In dragon boating, long slender boats are rowed with a crew of typically 20, with two more crewmembers on who beats a cadence with a drum and the other who steers the boat as it moves through the water. Although, there are smaller boats with a crew of 10 oarsmen along with one steering and a drummer as well as much larger boats with crews of up to 50. On the larger boats, the drummer is usually located in the center of the boat.
Dragon boating festivals are typically huge events with boats decorated as dragons with colorful paper or cloth and races are held among different teams. While the drummer pounds out a cadence, the people rowing the oars do not necessarily listen to the drum beat to establish a rowing rhythm due to the beat coming from adjacent boats.
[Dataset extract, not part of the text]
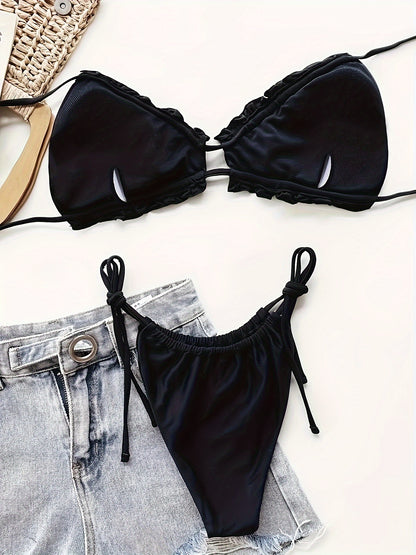 Cindy™ | Förförisk Halterbikini med Eleganta Fransar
During dragon boating races, crews typically row in rhythm with the person immediately in front of them.
Synchronized Rowing Wins Races
Synchronized dragon boating must be achieved to have the oars moving through the water at the same time, otherwise the oars may hit the water a split second after the one in front, which creates the caterpillar affect that makes the movement of the boat resemble the movement of a multi-legged caterpillar. When all paddles enter and are pulled through the water in perfect harmony, the boat glides over the surface with seemingly little resistance.
Over the past 25 years, especially since the establishment of the International Dragon Boat Association, the sport of dragon boating has gained in popularity around the world with events held in numerous countries. With China having the longest history of dragon boating, participants there number over 50 million. Canada currently holds three of the biggest dragon boating races in the world outside of China.
Original dragon boating was accomplished by lashing three logs together, similar to a raft, and hollowing them out and raced using oars. Today's boats are usually made of mahogany or teak wood.